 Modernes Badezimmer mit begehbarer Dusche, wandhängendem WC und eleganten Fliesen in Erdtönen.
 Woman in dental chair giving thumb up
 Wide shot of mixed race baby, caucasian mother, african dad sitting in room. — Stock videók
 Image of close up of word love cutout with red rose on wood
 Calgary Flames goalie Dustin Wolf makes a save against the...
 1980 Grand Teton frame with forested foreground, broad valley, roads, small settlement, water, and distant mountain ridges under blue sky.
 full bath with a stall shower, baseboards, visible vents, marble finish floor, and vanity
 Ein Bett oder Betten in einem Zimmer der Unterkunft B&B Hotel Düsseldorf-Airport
...
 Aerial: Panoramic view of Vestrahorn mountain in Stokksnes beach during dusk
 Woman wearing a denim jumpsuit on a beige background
* * *
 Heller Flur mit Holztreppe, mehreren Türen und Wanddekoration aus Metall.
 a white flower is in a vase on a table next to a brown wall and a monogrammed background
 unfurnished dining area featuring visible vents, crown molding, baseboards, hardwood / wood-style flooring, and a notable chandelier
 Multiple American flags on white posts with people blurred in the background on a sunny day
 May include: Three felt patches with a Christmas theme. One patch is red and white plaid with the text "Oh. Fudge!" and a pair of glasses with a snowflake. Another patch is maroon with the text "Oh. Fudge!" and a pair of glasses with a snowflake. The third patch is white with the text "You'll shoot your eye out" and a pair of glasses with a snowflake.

▶ **Your goal**: Would you quote everything above from the line containing "full bath with" down to the line containing "Ein Bett oder"? Include both of those lines and nothing else.

▶ **Task response**:
 full bath with a stall shower, baseboards, visible vents, marble finish floor, and vanity
 Ein Bett oder Betten in einem Zimmer der Unterkunft B&B Hotel Düsseldorf-Airport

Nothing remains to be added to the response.